SOURCE DATA:
*** Block opens ***

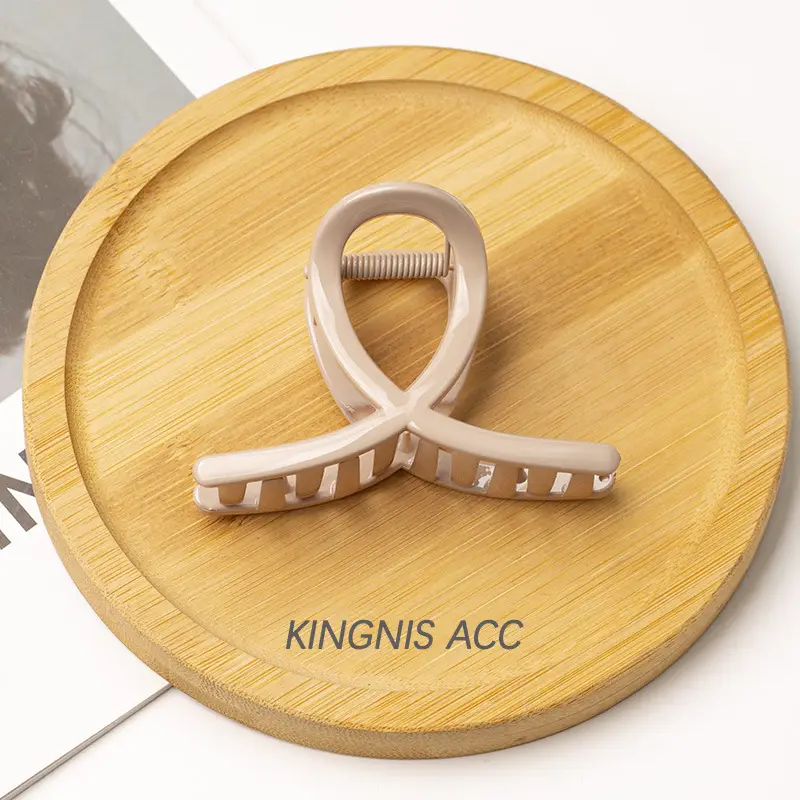 Kingnis ACC Hair Grab Clip 8cm Bamboo Display - Image 9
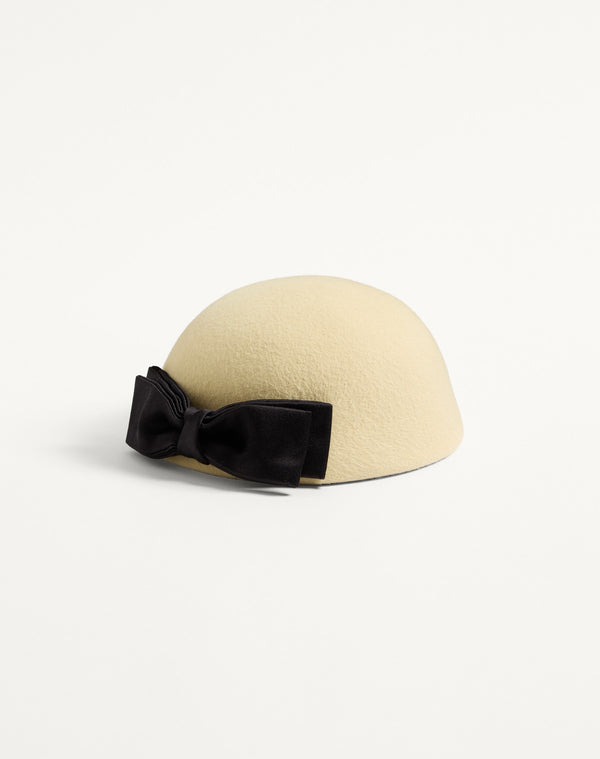 Cappello Vlogo Signature In Tessuto Lapin E Fiocco In Raso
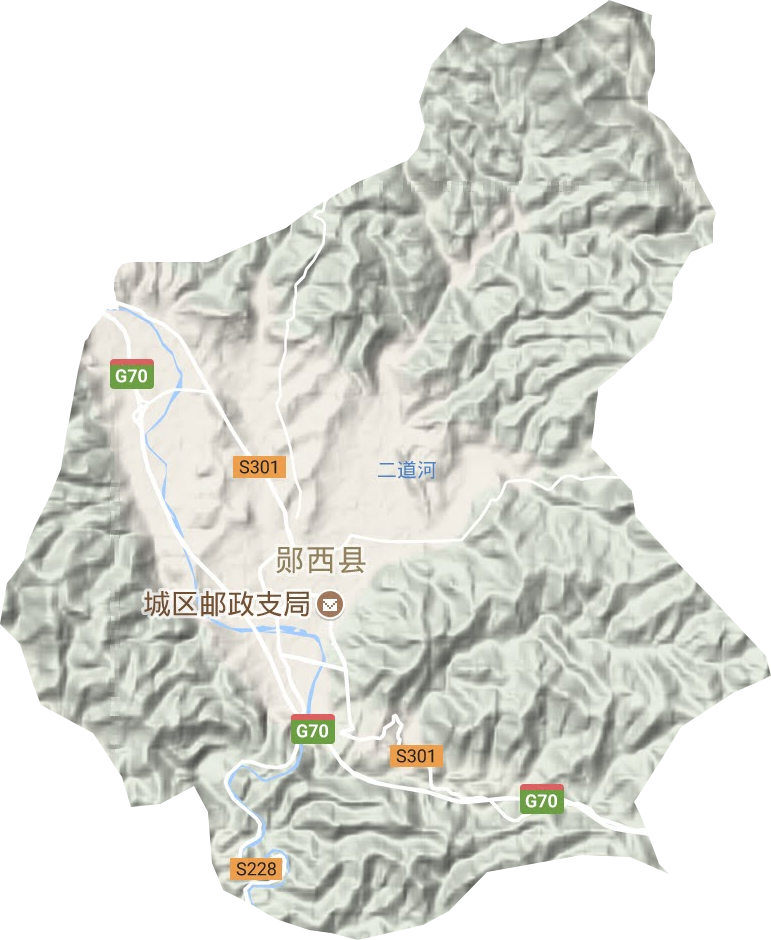 城關鎮地形圖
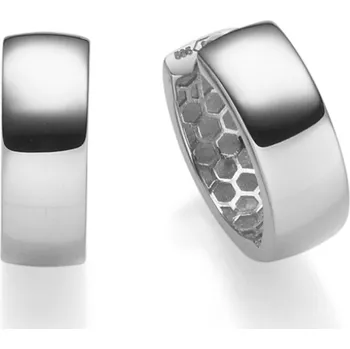 Náušnice Kruhové náušnice Honey Materiál šperku: Bílé zlato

*** Block closes ***

WHAT IS NEEDED: Repeat, exactly and only, the lines from the one containing "Cappello Vlogo Signature" through the final line of the data, both ends included, leaving out any picture.

RESPONSE TO THE EXERCISE:
 Cappello Vlogo Signature In Tessuto Lapin E Fiocco In Raso
 城關鎮地形圖
 Náušnice Kruhové náušnice Honey Materiál šperku: Bílé zlato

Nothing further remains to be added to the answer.